Reindorp has researched letters written by the two sisters, the Bond author and their friends, to piece together the alchemy behind their relationships.

The socially competitive sisters bagged a total of seven husbands between them, but nothing in their early years suggested they would become such influential society figures.

Ann was born in London on June 13, 1913, the eldest daughter of Captain Guy Charteris and his wife Frances Tennant. Her grandfather was Hugo Charteris, the 11th Earl of Wemyss.

Her sister Laura was born two years later and they had a brother Hugo, who became a novelist. A third sister, Mary Rose, came along in 1919.

As was the style in the latter days of the Edwardian era, the girls were educated by governesses, but Ann was more bookish and spent some time at Cheltenham Ladies College.

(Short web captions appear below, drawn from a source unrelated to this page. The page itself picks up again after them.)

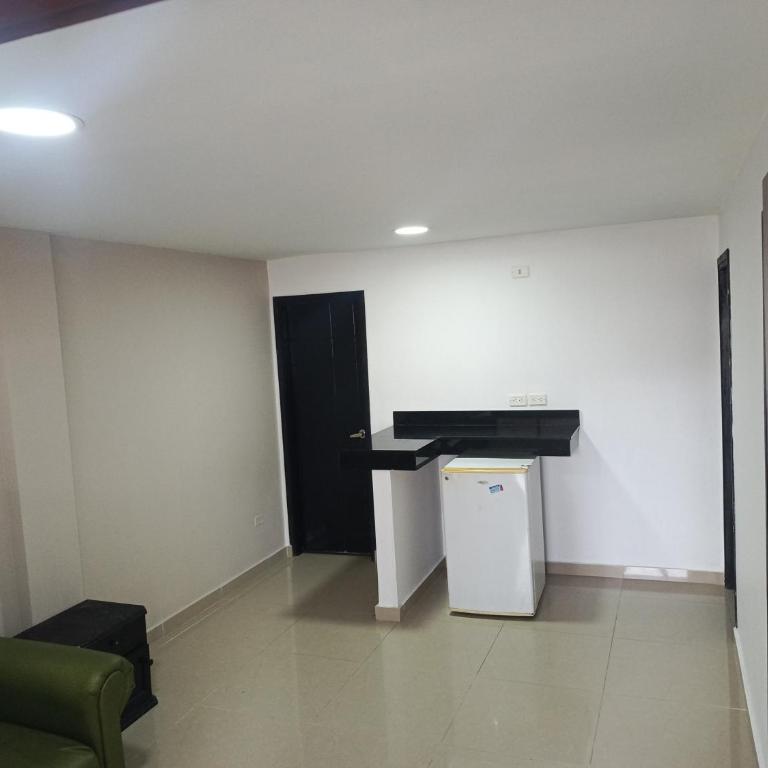 Hotel Dorado - Apartamento Estándar - 3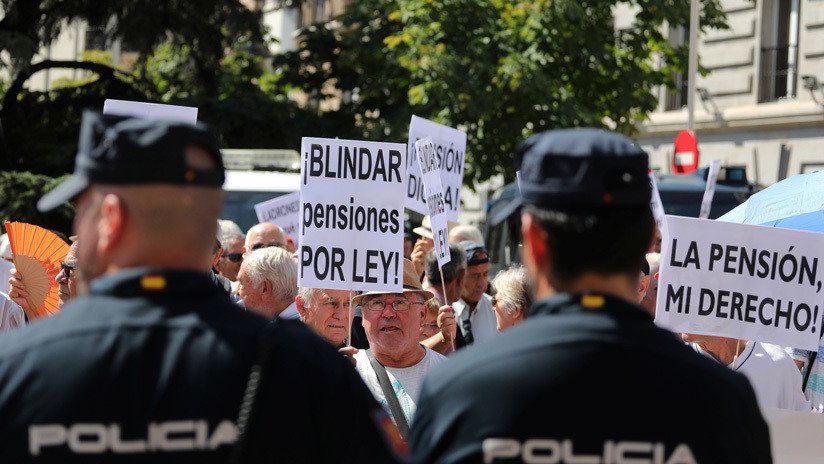 8 noticias de España que (quizás) desconozcas por las protestas en Cataluña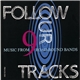 Various - Follow Our Tracks - Music From 9 Road Bound Bands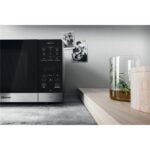 Bauknecht MW 49 SL – Mikrowelle, 25 l, 800 W, mit Grill – Bild 8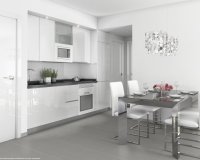 Новостройки - Apartment Penthouse - Сан Мигель де Салинас - San Miguel De Salinas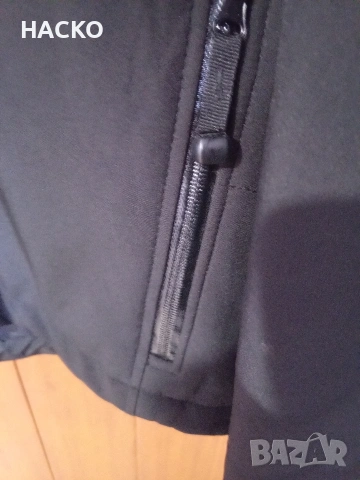 НЕОПРЕНОВО ЯКЕ MAMMUT Размер XXL 100% Оригинално Внос от Англия, снимка 9 - Якета - 54068899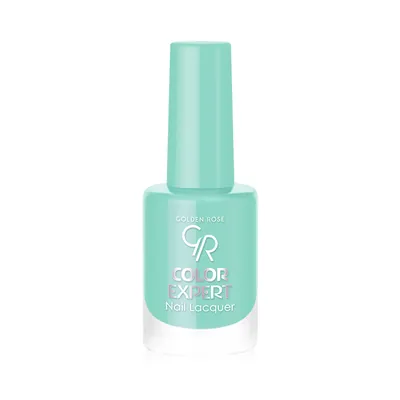 GOLDEN ROSE Лак за нокти Color Expert 67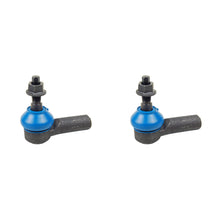 Load image into Gallery viewer, MSUPOUTR25864 Mevotech Steering Tie Rod End Kit Mevotech Canada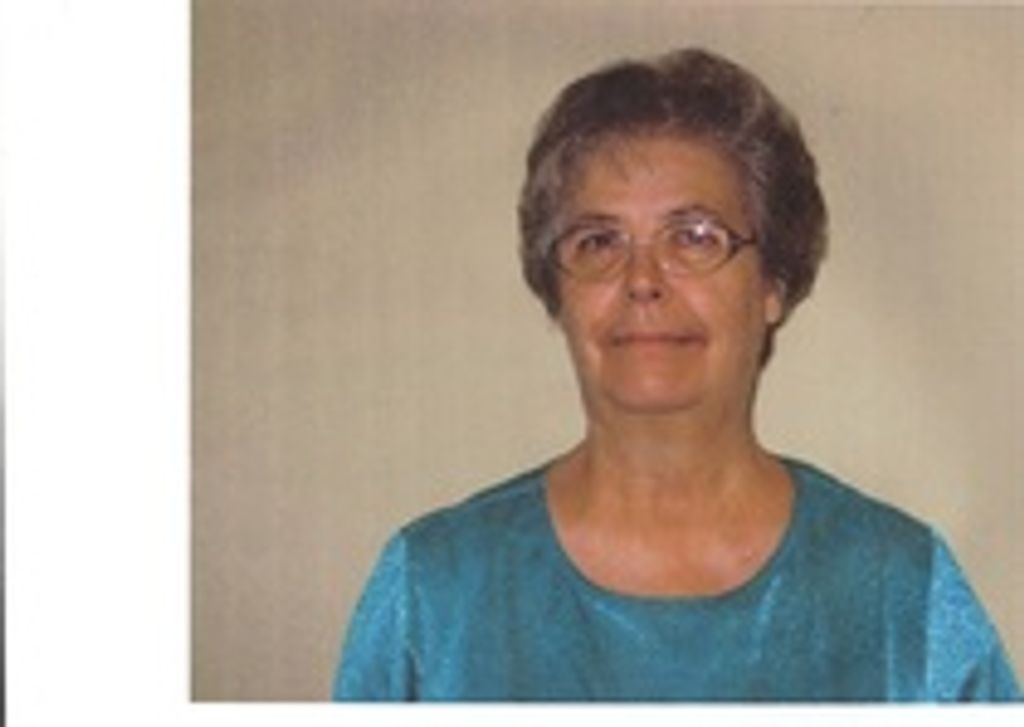 Charlotte Marie Truluck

Presented to high society as a debutante, Ann married financier Shane O’Neill, 3rd Baron O’Neill, and they had two children, but she couldn’t resist the overtures of press baron Esmond Harmsworth, eventually marrying him after her first husband was killed in action in the Second World War.

Around the same time, she fell for Fleming’s wit and charm, embarking on a secret affair.

The Bond creator became anxious their illicit liaison would be discovered, writing in one letter: “I know how you leave things lying around like a jackdaw and I expect every day that it will be the end.

“I do wish you’d take trouble and not leave my letters among your brassieres and your pants. Do please try. I know perfectly well that you are going to come along one day with a tragic face and say that all is discovered.”

During this period, Fleming was a senior journalist for The Sunday Times, a rival of Harmsworth’s own newspaper empire.

In another letter, there was a definite hint their love-making involved a bit of sado-masochism: “You have made bruises on my arms and shoulders. All this damage will have to be paid for some time.”

Ann then fell pregnant by Fleming while still married but sadly their daughter, Mary, died soon after her birth in 1951.

She formally separated from Harmsworth at the end of that year and began tentatively making a new life with Fleming, who was spending more and more time at Goldeneye, the beachside home in Jamaica he’d built in 1946.

They married in a quiet registry office ceremony on the Caribbean island in March 1952 while she was pregnant with their second child. Waving goodbye to his life as a bachelor, Fleming was overjoyed with his new status as husband and soon-to-be father but realised he would need a great deal more money to give his bride the sort of life she had become accustomed to, even though her second divorce involved a £100,000 settlement.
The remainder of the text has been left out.